→ **What this task involves**
Return each line exactly, from the one that has "Blue Plus Midi Dress" through the end of the entries, both ends included. Pictures do not belong.

→ **Dataset content**

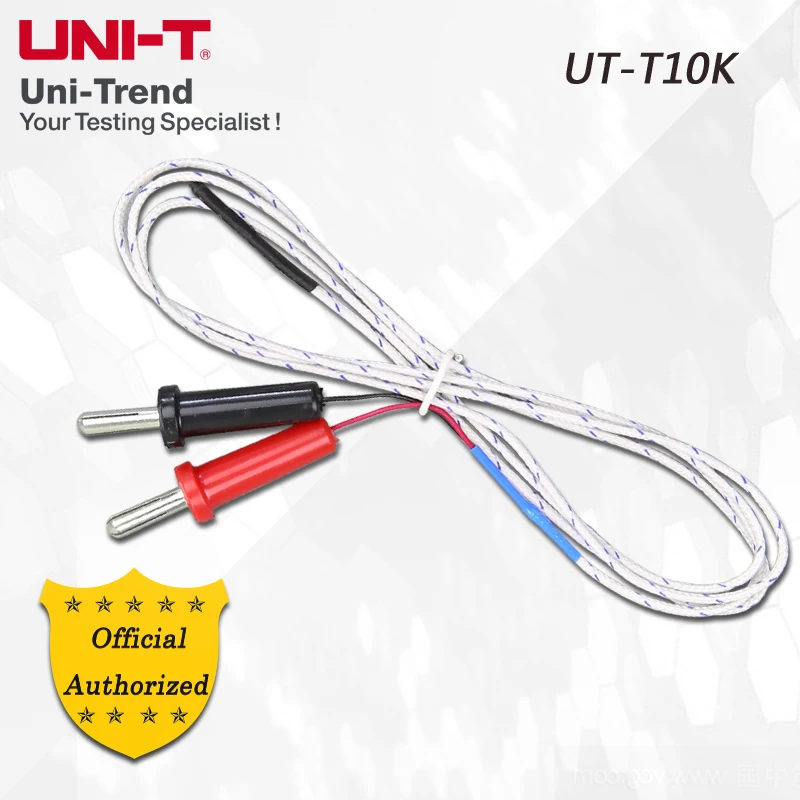 UNI-T UT-T10K Temperature probe; suitable for UT33C+, UT202, UT213B/C, UT216C, UT61B/C, UT70A/70B, UT804, UT71B/C/D/E, UT206A
UNI-T UT-T10K Temperature probe; suitable for UT33C+, UT202, UT213B/C, UT216C, UT61B/C, UT70A/70B, UT804, UT71B/C/D/E, UT206A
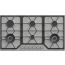 Teva Gas Built-in Hob, 90CM, 6 Burners, Grey - RT191MN
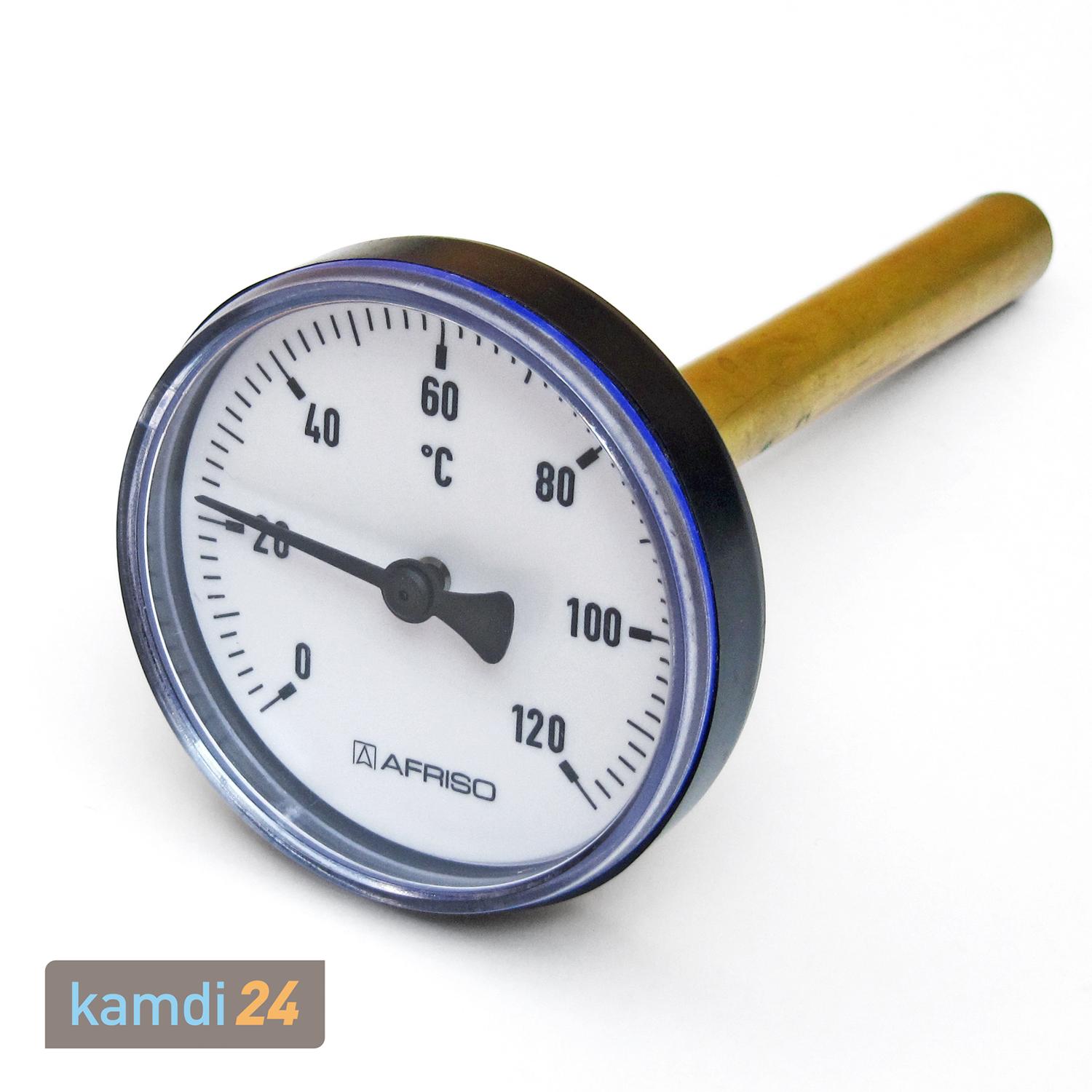 Bimetall-Pufferspeicherthermometer 100 mm, Afriso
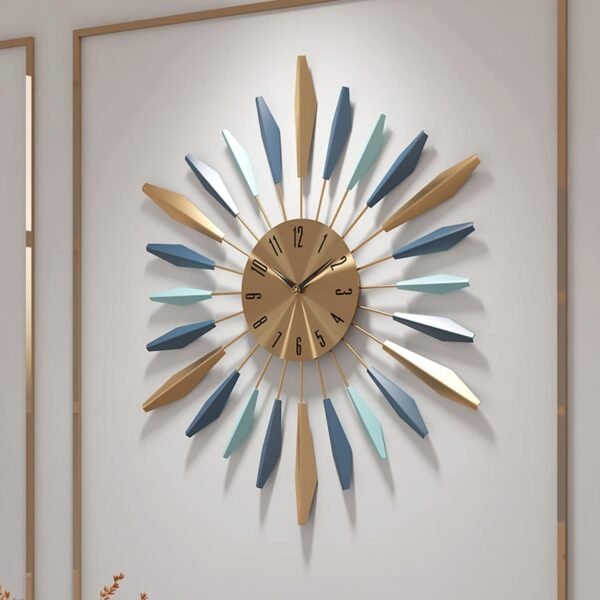Large Wall Clock Metal Decorative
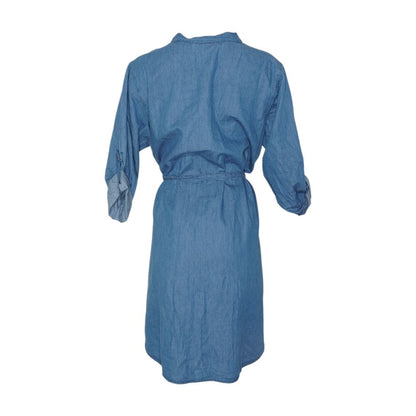 Blue Plus Midi Dress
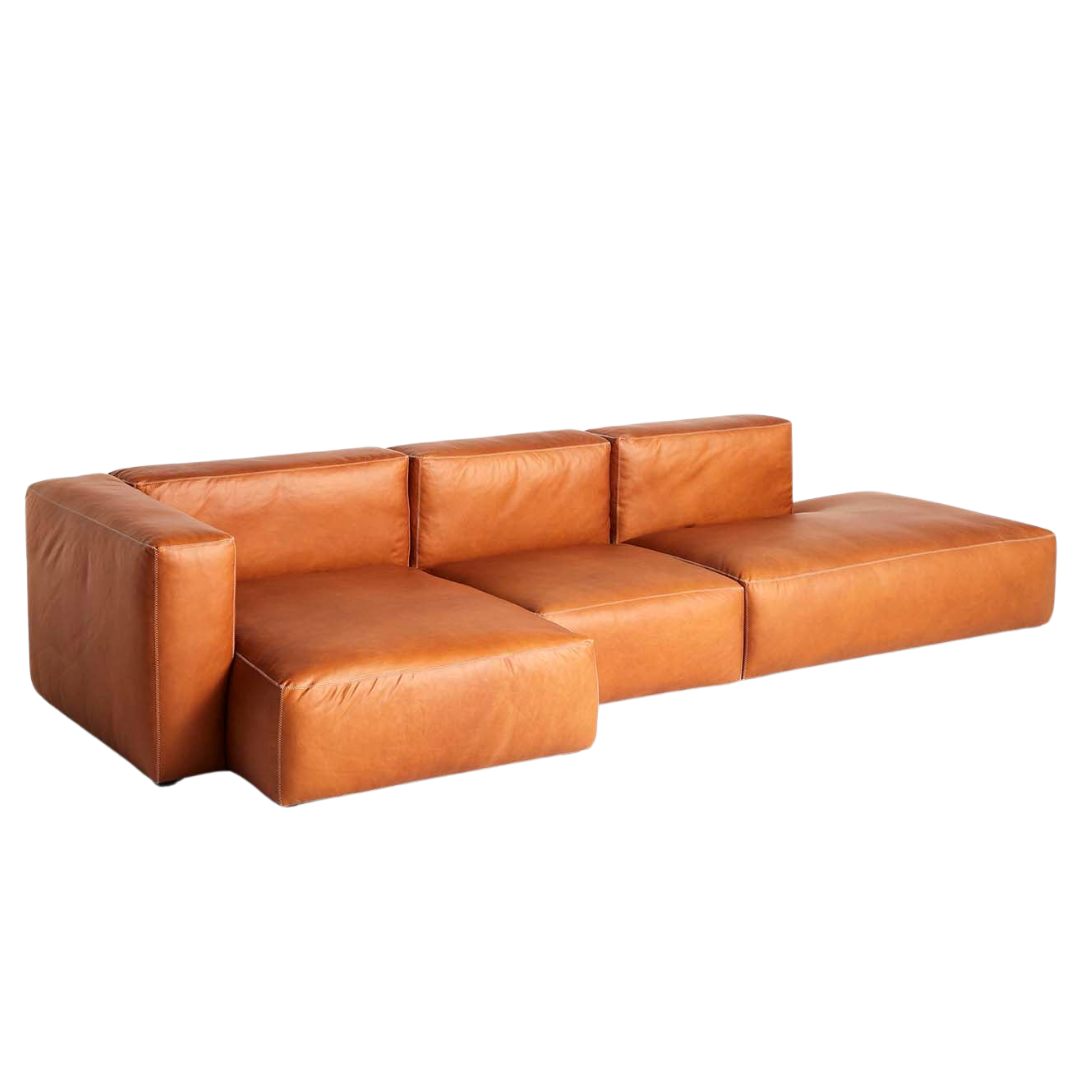 HAY - Mags Soft Sofa - 3 Seater - Combination 4 with Left Armrest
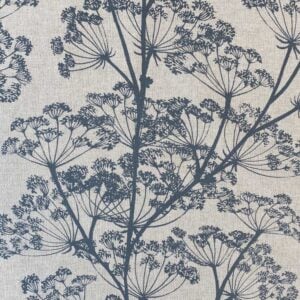 Cow Parsley Print - Indigo - Image 2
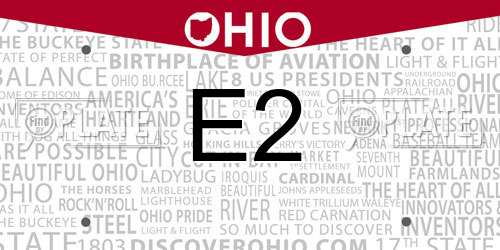 E2 Ohio License Plate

→ **Output**
 Blue Plus Midi Dress
 HAY - Mags Soft Sofa - 3 Seater - Combination 4 with Left Armrest
 Cow Parsley Print - Indigo - Image 2
 E2 Ohio License Plate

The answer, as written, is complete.